WHAT YOU SHOULD DO:
In the entries below, find the line with "Hello students, this" and the line with "Welcome home. My"; reproduce those two lines and all lines between them exactly, without pictures.

[Source data]
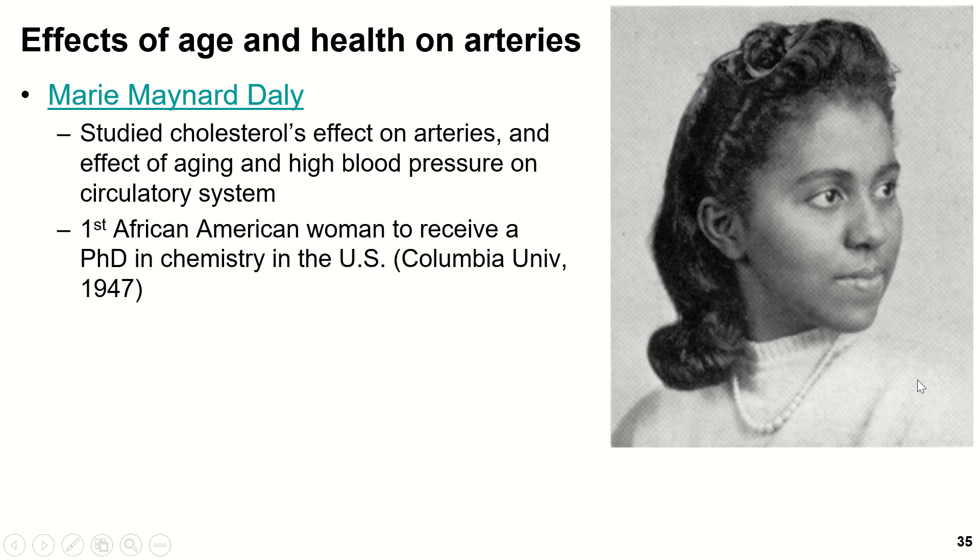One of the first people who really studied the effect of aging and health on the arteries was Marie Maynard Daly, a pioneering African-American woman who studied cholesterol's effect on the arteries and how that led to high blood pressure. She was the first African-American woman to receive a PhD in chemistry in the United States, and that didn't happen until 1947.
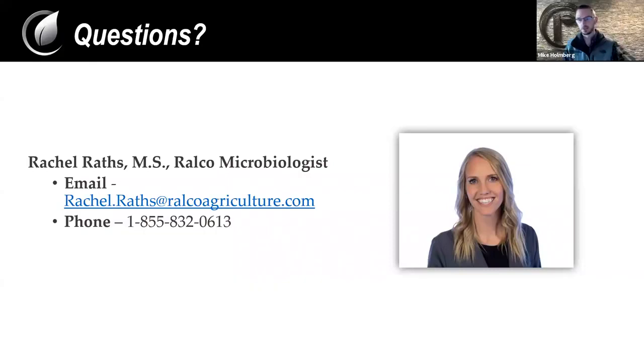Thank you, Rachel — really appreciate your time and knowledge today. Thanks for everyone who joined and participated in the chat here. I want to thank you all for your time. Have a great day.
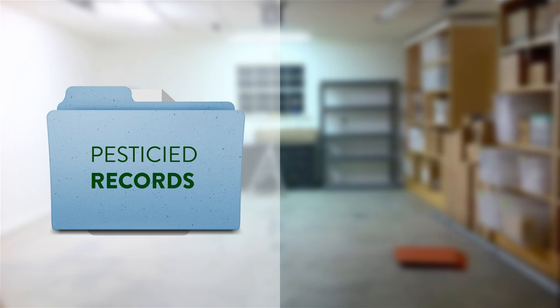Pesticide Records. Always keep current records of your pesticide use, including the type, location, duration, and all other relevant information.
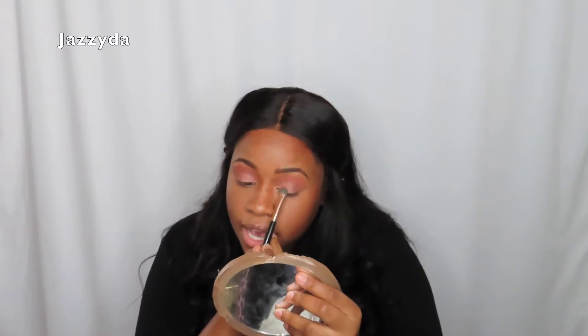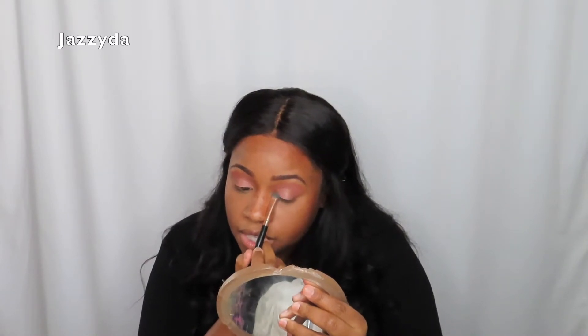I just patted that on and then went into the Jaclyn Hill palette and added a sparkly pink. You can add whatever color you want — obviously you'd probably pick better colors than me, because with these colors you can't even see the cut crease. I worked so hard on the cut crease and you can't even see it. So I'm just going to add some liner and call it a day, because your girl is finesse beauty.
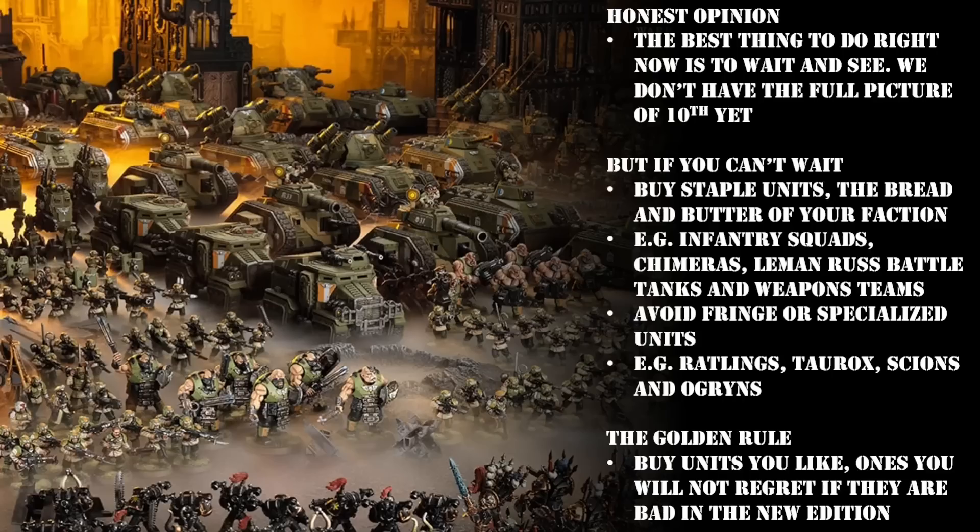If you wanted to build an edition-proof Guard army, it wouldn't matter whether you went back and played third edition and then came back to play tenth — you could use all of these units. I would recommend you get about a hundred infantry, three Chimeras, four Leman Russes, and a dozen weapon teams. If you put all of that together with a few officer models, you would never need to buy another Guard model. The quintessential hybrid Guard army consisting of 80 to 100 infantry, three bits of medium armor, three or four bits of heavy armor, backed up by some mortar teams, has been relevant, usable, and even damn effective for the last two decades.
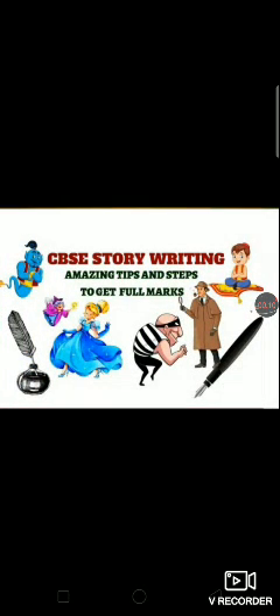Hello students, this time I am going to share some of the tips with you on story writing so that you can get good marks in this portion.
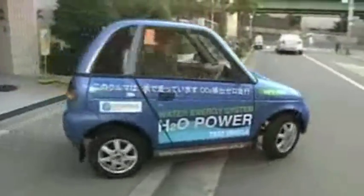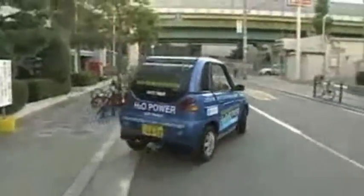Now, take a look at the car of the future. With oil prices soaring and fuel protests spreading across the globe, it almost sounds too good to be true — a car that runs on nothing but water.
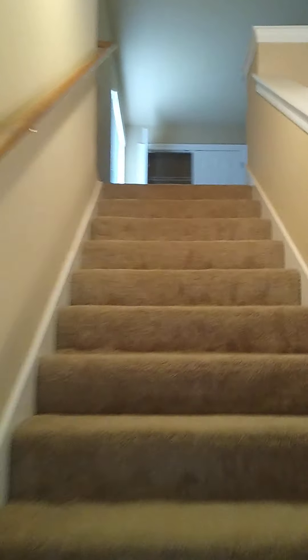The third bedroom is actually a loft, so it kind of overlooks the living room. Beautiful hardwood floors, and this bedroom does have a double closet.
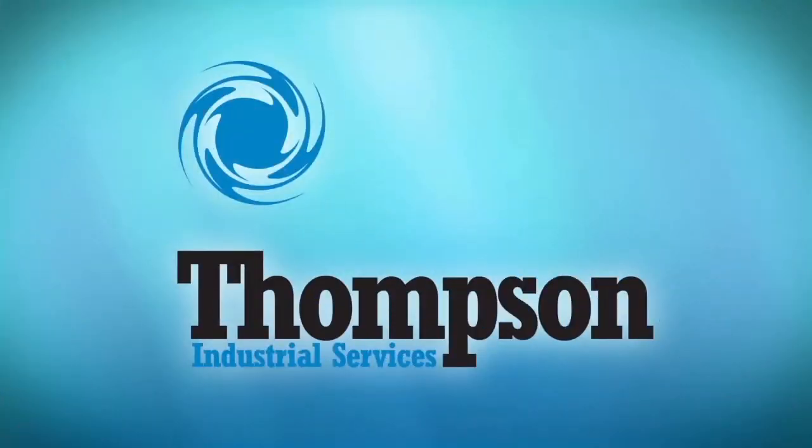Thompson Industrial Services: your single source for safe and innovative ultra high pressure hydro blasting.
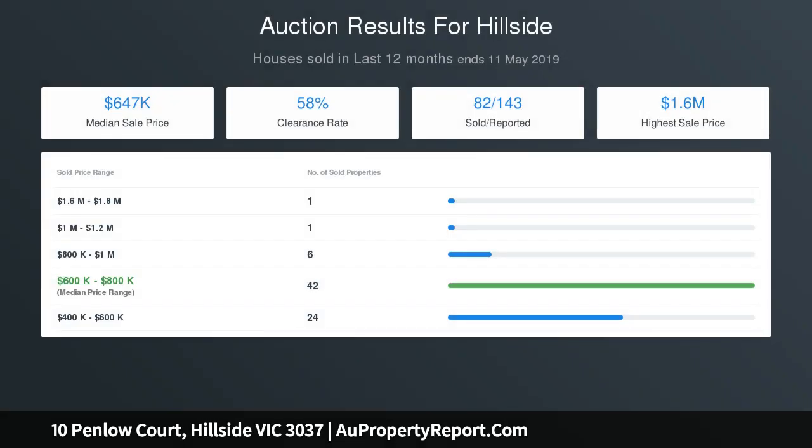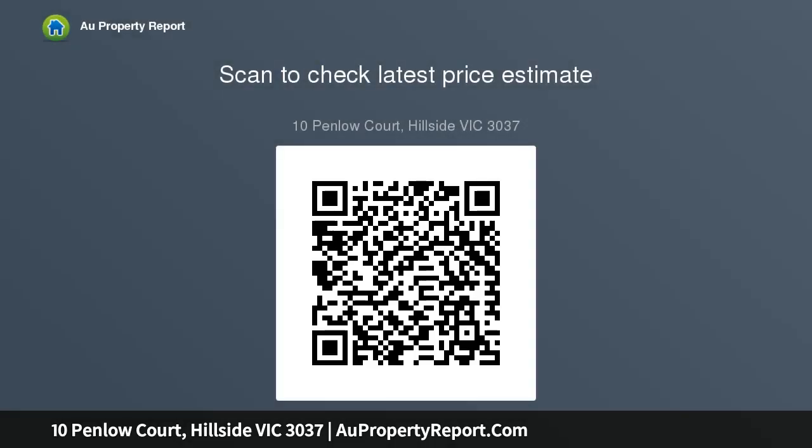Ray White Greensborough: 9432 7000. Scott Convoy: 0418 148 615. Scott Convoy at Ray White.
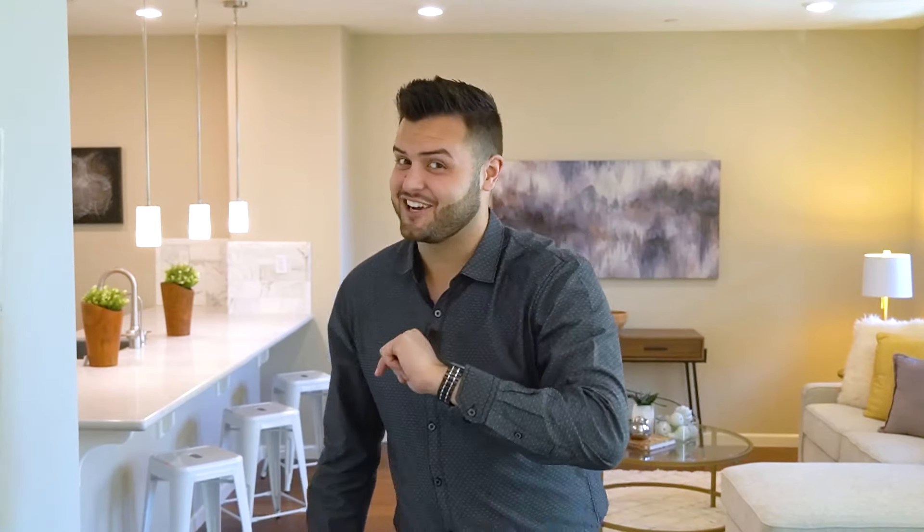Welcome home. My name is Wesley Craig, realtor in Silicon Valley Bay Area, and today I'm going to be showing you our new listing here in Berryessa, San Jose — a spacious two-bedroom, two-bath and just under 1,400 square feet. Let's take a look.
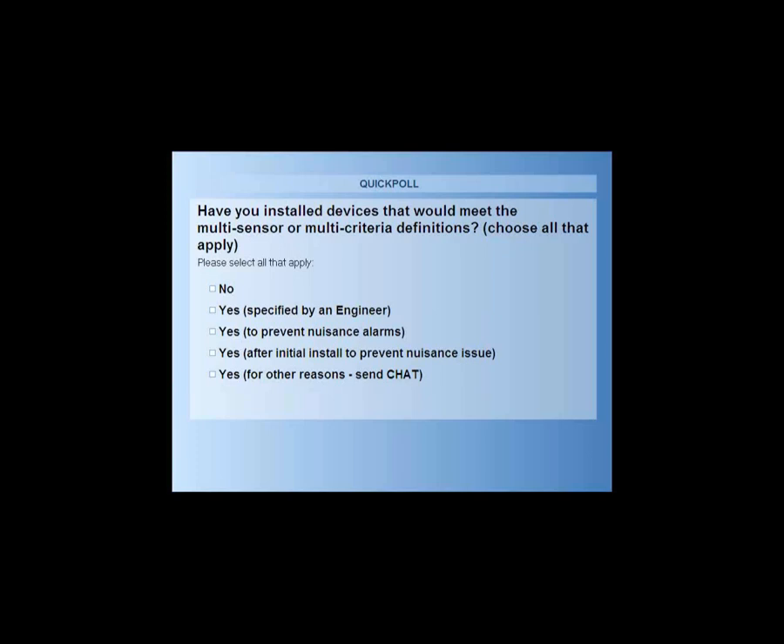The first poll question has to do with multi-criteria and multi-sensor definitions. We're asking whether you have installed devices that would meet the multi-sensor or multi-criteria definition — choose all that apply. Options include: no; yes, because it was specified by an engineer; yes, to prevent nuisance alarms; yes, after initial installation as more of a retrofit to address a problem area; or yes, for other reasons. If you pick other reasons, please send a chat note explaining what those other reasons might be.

RESULT OF THE EXERCISE:
Hello students, this time I am going to share some of the tips with you on story writing so that you can get good marks in this portion.
Now, take a look at the car of the future. With oil prices soaring and fuel protests spreading across the globe, it almost sounds too good to be true — a car that runs on nothing but water.
The third bedroom is actually a loft, so it kind of overlooks the living room. Beautiful hardwood floors, and this bedroom does have a double closet.
Thompson Industrial Services: your single source for safe and innovative ultra high pressure hydro blasting.
Ray White Greensborough: 9432 7000. Scott Convoy: 0418 148 615. Scott Convoy at Ray White.
Welcome home. My name is Wesley Craig, realtor in Silicon Valley Bay Area, and today I'm going to be showing you our new listing here in Berryessa, San Jose — a spacious two-bedroom, two-bath and just under 1,400 square feet. Let's take a look.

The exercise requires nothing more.